-- Exercise prompt --
The listing below is the input. Say how many of its lines contain "Wool", giving the number alone.

(Beginning of Supplied information)

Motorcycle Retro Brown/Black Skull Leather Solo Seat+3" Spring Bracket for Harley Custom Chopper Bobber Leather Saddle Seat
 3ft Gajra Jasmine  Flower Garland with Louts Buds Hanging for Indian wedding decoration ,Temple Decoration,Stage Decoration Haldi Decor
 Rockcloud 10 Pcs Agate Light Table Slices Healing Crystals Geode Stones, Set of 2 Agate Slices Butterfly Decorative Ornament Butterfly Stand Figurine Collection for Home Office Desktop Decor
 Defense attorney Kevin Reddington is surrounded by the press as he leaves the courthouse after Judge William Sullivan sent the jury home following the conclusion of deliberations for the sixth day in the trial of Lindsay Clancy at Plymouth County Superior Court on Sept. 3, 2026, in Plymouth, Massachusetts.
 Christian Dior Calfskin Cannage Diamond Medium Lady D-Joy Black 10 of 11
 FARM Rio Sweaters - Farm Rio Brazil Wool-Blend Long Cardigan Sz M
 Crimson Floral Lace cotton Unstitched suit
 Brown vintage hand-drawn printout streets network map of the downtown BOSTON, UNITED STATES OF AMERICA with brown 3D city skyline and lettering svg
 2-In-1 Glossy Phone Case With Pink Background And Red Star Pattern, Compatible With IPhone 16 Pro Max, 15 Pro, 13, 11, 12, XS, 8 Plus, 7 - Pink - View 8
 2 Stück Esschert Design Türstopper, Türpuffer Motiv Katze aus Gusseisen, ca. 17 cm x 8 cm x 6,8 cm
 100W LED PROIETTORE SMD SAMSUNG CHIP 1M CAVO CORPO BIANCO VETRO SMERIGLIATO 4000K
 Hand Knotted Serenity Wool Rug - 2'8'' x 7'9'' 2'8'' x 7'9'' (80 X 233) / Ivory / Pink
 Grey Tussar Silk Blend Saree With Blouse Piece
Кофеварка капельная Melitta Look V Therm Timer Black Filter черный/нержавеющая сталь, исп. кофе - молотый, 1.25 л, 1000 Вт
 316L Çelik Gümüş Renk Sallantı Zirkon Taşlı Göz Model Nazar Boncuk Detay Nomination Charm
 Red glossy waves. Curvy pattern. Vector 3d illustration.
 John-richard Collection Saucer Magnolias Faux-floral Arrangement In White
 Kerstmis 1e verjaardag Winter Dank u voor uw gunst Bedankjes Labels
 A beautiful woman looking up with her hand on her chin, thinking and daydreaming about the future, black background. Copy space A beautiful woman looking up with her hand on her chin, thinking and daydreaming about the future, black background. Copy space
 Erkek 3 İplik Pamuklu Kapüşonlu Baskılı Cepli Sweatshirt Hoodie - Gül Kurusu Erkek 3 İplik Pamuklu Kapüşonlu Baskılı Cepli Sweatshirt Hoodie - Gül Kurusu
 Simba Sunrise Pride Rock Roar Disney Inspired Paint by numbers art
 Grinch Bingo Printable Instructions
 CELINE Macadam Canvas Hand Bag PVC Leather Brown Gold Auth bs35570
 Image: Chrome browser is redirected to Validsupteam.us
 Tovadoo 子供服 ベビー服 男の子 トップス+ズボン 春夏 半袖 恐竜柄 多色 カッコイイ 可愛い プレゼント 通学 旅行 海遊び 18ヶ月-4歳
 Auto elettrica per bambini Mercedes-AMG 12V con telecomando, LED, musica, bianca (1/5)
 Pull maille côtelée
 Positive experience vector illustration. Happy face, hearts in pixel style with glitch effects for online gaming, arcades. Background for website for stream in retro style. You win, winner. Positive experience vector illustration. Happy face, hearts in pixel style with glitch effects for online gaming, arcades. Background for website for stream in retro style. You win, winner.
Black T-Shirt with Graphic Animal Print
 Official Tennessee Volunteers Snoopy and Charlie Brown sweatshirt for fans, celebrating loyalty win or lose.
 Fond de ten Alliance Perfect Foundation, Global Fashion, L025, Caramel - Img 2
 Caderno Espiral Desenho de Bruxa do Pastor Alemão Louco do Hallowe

(End of Supplied information)

-- Answer to this problem --
2